Why Do Women Seek a Divorce in Texas?
Marriages fail for many reasons. Not all of them are because of one spouse’s fault or wrongdoing. But there are several common situations where women feel like they need to get out of a bad marriage, such as:
- Abuse: If your husband subjects you to regular emotional or physical abuse, it is unsafe for you to continue living with them as husband and wife.
- Control: Even in cases where a husband’s actions do not rise to the legal definition of “family violence,” they may still subject a wife to cruel and controlling behavior that effectively renders them subservient rather than an equal partner in the marriage.
- Infidelity: It may seem like a cliche, but if your husband is cheating on you with someone else, that is one of the biggest factors driving a wife’s decision to seek a divorce.
- Money: Many couples struggle with financial issues. Not all of them lead to divorce. But if your husband is hiding money or other financial resources from you, that indicates a fundamental breakdown in the marriage that can be just as serious as infidelity,
- Parenting: Many wives and mothers feel unduly pressured by their husbands–and even the husband’s families–to raise their children in a way they do not support or agree with. Over time, this stress can break a marriage apart.
It is important to understand that Texas does not require a wife to allege specific fault or wrongdoing on the part of a husband to obtain a divorce. Texas law does still provide for a fault-based divorce. So you can seek a divorce for adultery or cruelty, for example. But in most cases, a “no-fault” divorce is a better option. This is where a divorce is sought because the marriage is “insupportable because of discord or conflict of personalities” between the spouses without regard to fault.
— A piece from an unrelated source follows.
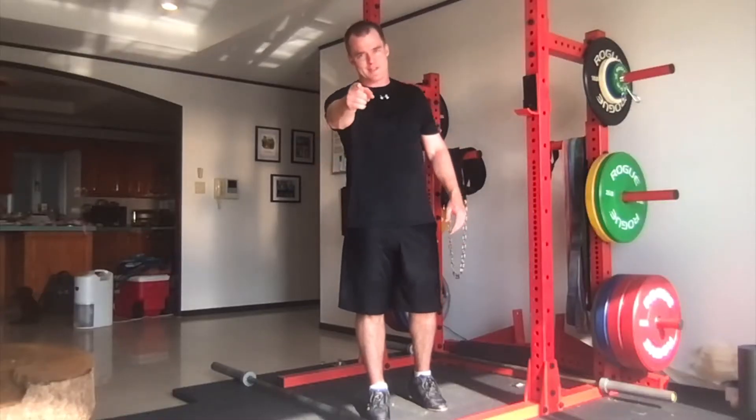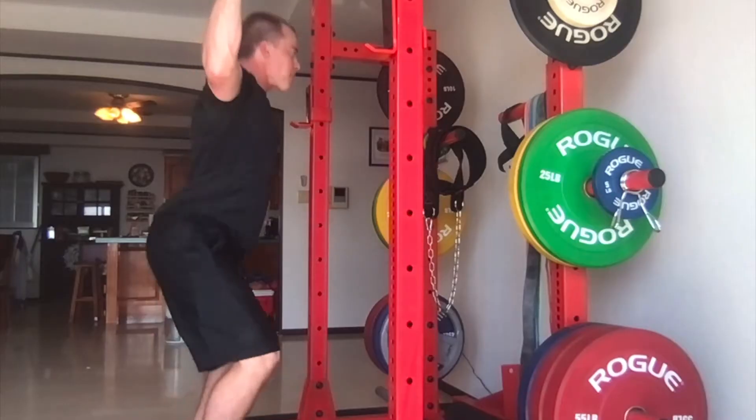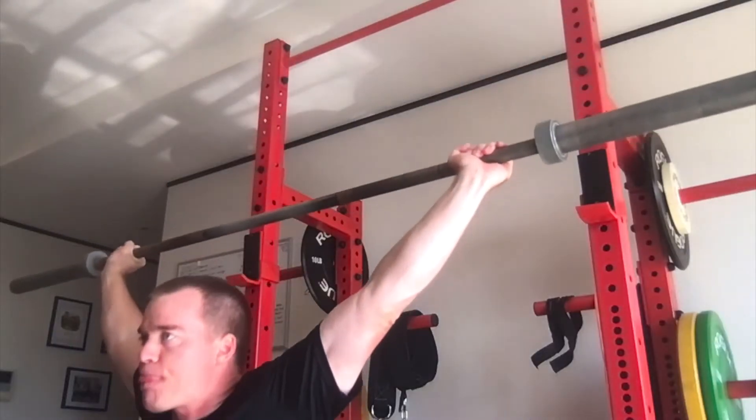This is the Drop Snatch! This exercise is intended to get the weight lifter comfortable in the bottom position of the snatch.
Addressing Domestic Violence in a Texas Divorce
Many women want a divorce due to ongoing domestic violence in the household. Texas law classifies domestic violence as “family violence,” it applies to violence towards a spouse and children. And while family violence is often associated with physical acts–e.g., hitting or kicking–it also covers emotional abuse such as making threats, stalking, or even abusing controlled substances in a way that may injure another household member.
Family violence can often lead to a “Catch-22” situation, where an abused woman feels like they cannot seek a divorce for fear of making an abusive husband double down on their harmful actions. That is why any woman in this position needs to seek professional advice and assistance. Several organizations provide immediate support for victims of family violence in Texas. And you should not hesitate to meet with a San Antonio divorce attorney for women who can outline your options for seeking legal relief as part of a divorce proceeding.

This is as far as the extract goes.